A report by CNN on Thursday revealed, citing an upcoming biography of SpaceX and Tesla founder Elon Musk, that he made a personal intervention by shutting down Starlink to prevent a Ukrainian attack on Crimea last year.
According to the report, his motivation stemmed from concerns about the potential for a nuclear conflict.
The biography written by Walter Isaacson, which is scheduled to be published next week, details how Ukrainian drones "lost connectivity and washed ashore harmlessly" as they approached the Crimean coast.
The book states that Musk privately instructed SpaceX engineers to disable Starlink service near the Crimean coast as he was concerned that Russia might use nuclear weapons in response to a Ukrainian attack on the peninsula, which he likened to a "mini-Pearl Harbor".

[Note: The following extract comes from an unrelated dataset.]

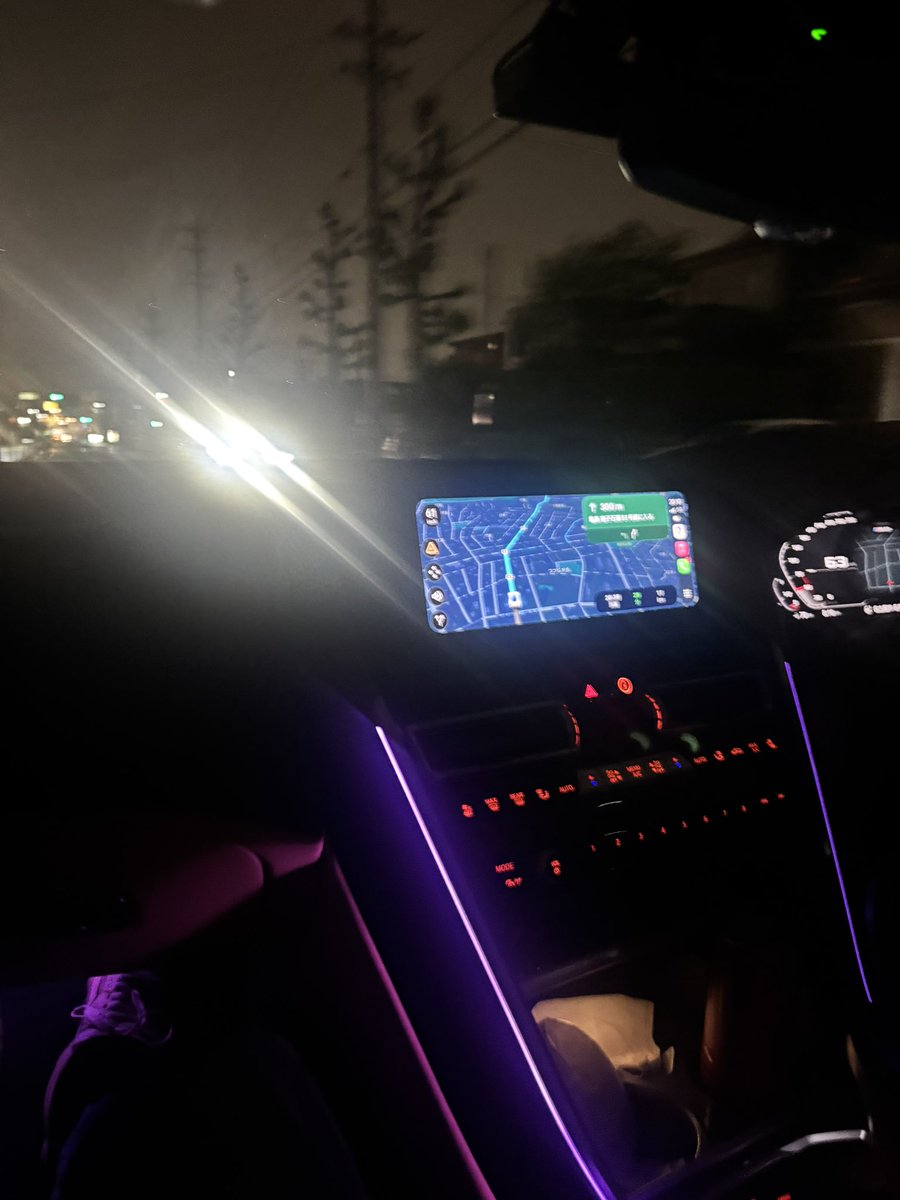 F32riku's tweet photo. 車いっぱい見たくて名古屋へ
DB11ド性癖すぎて乗り換えたくなりました、、、
ちゃちゃまるさんのM8で名駅までvip送迎でした🚗 https://t.co/AOjigI060O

Ukrainian Digital Transformation Minister Mikhail Fedorov later asked Musk to reactivate the signal through text messages, highlighting the capabilities of the sea drones. But Musk declined, stating that Ukraine was taking actions that he believed were excessive and risked inviting a strategic defeat by launching an attack on Crimea.
The failed drone strike was first publicized in July by The New York Times, but it did not include information about the conversation between Musk and Fedorov.
In February 2022, SpaceX donated more than 20,000 Starlink terminals to Ukraine, with the aim of providing internet access and communications to civilians. However, the systems were quickly used for military purposes, which led to Musk having to justify his actions to both Russia and the US.
"How am I in this war?" Isaacson quotes Musk as saying during one of their conversations. "Starlink was not meant to be involved in wars. It was so people can watch Netflix and chill and get online for school and do good peaceful things, not drone strikes."
After the Crimea attack failed, Musk told the Pentagon that SpaceX would no longer provide Starlink services to Ukraine for free. However, after this was reported by CNN, Musk reversed his decision and tweeted that SpaceX would continue to provide Starlink services to Ukraine free of charge.
"The Pentagon had a $145 million check ready to hand to me, literally," SpaceX president Gwynne Shotwell told Isaacson. "Then Elon succumbed to the bullshit on Twitter and to the haters at the Pentagon who leaked the story."
According to the biography, SpaceX eventually secured funding from the US and some EU governments to provide Ukraine with another 100,000 satellite dishes in early 2023.
Musk has since stated that SpaceX would not do anything that could escalate the conflict in Ukraine, including using Starlink for long-range drone strikes.
After CNN posted its report, Musk reacted by posting on X (formerly known as Twitter) to clarify the situation.
The Starlink regions in question were not activated. SpaceX did not deactivate anything.— Elon Musk (@elonmusk) September 7, 2023
"SpaceX did not deactivate anything," he said. "There was an emergency request from government authorities to activate Starlink all the way to Sevastopol. The obvious intent being to sink most of the Russian fleet at anchor. If I had agreed to their request, then SpaceX would be explicitly complicit in a major act of war and conflict escalation," he explained.
Walter Isaacson is a historian, author, and journalist. He is the former chairman and CEO of the Aspen Institute, the former editor of Time magazine, and the biographer of Benjamin Franklin, Albert Einstein, Henry Kissinger, and Steve Jobs.